Sunday Mail Column - Cash splash a fizzer
Do you ever get the feeling that Kevin Rudd and his Government might not be entirely sure what they're doing? Consider this...
When they came into office the Rudd Government inherited a debt free balance sheet with billions of dollars in the bank and more than $20 billion surplus in the budget.
Having campaigned accusing the Howard Government of profligate spending, when elected Labor talked up inflation and interest rates. Prime Minister Kevin Rudd said the 'inflation genie had escaped the bottle', and only by slashing spending and a tightening of monetary policy could this issue be managed.
Treasurer Wayne Swan egged on the Reserve Bank to put up interest rates, to put the brakes on the economy - an utterly disastrous move in retrospect.
Half a year later, all of this changed.
Facing the economic tsunami that the Coalition predicted in 2007, Labor realised they had talked up interest rates, and slowed our economy, at the exact moment they should have been encouraging growth.
In a panic the Labor Party guaranteed some financial institutions, without considering the implications for those people whose savings were in non-guaranteed institutions. They spent $10 billion, which represented what was left of the Budget surplus, in a pre Christmas cash splash. They urged people to 'spend spend spend'.
Now at the time the Opposition advocated for a general increase in the aged pension, giving certainty to recipients that the increased funds would keep coming in reliably every week. This would have had the double benefit of providing an overdue pension increase, as well as encouraging more economic activity. Instead the Government opted for the immediate larger payments.

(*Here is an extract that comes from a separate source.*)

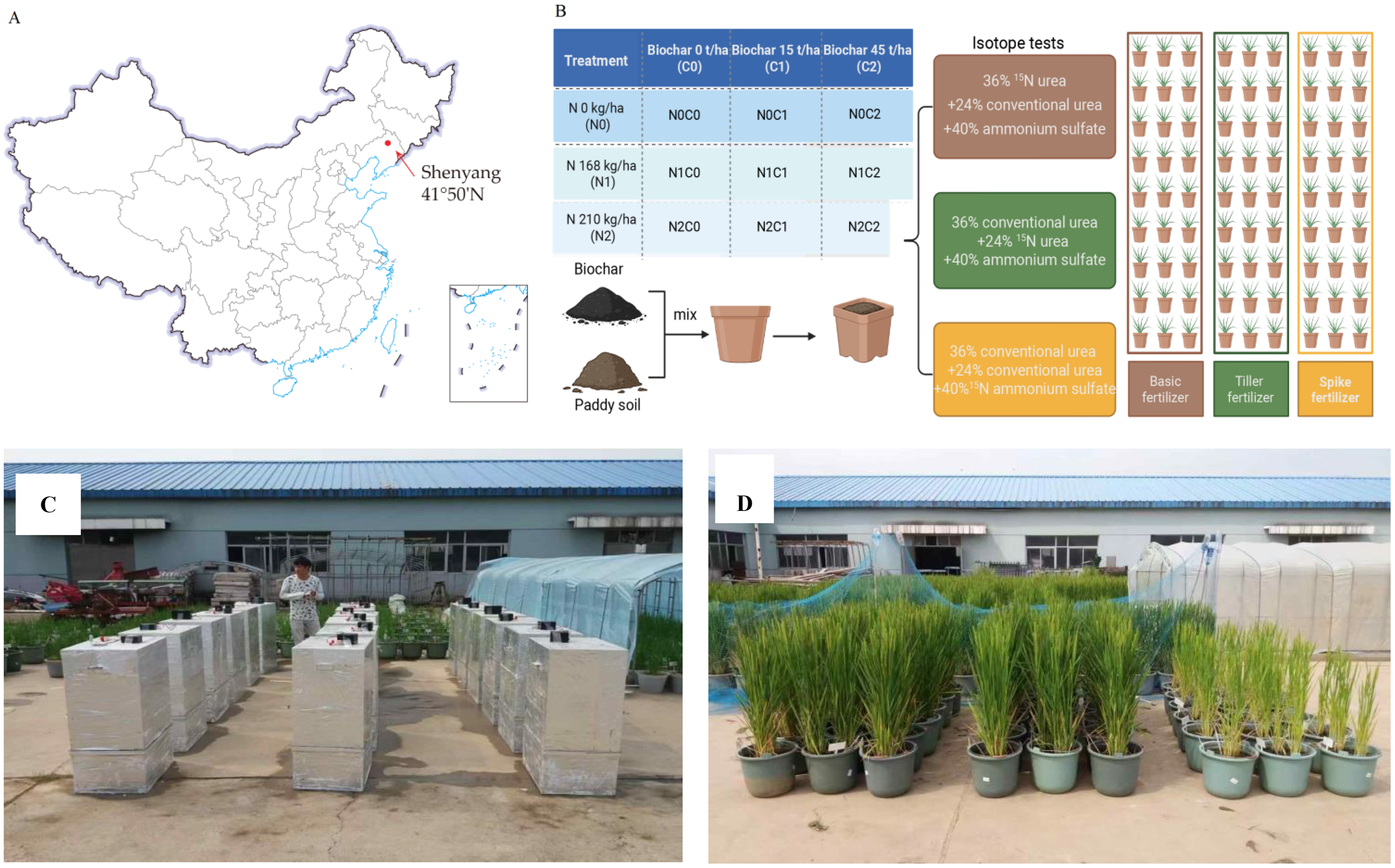 Panel A shows a map of China highlighting Shenyang at 41°50'N. Panel B displays a table outlining treatments with varying biochar and nitrogen levels, along with a diagram illustrating the mixture of biochar and paddy soil into pots. It also details isotope tests with different percentages of urea and ammonium sulfate for basic, tiller, and spike fertilizers. Panel C depicts a row of covered white blocks in an outdoor setting with a person standing nearby. Panel D shows rows of green plants in pots in the same setting.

The Prime Minister Kevin Rudd and Treasurer Wayne Swan assured the Australian people that this would keep the economy growing, and create 75,000 jobs.
This week we have discovered that this policy has failed spectacularly.
The first problem was that people didn't spend the money. Not unsurprisingly given Kevin Rudd's rhetoric (about a global financial cyclone destroying everything in its path) people saved it, or paid off debts on credit cards and loans. Unlike tax cuts or pension increases, people knew this was a once off, and put it aside for later.
Only 20% of this stimulus package was reinjected into the economy - very poor 'bang for the buck' as far as stimulus goes.
We also now know for the last quarter of 2008 the economy contracted, that is, we had negative economic growth of 0.5%.  What it means for us is that people are spending less, buying less, and as a result businesses can't expand, they're not taking on new staff, and might in fact need to lay off people, which compounds the problem.
In the last month we have seen the Government do it all again, except on an even bigger scale! 
Rather than waiting to see whether their original package worked in the way it was intended, the Government brazenly mortgaged the futures of our future generations in their record-breaking ham-fisted spendathon. Their second stimulus package amounted to $42 billion in new spending, of which $12 billion is another cash splash.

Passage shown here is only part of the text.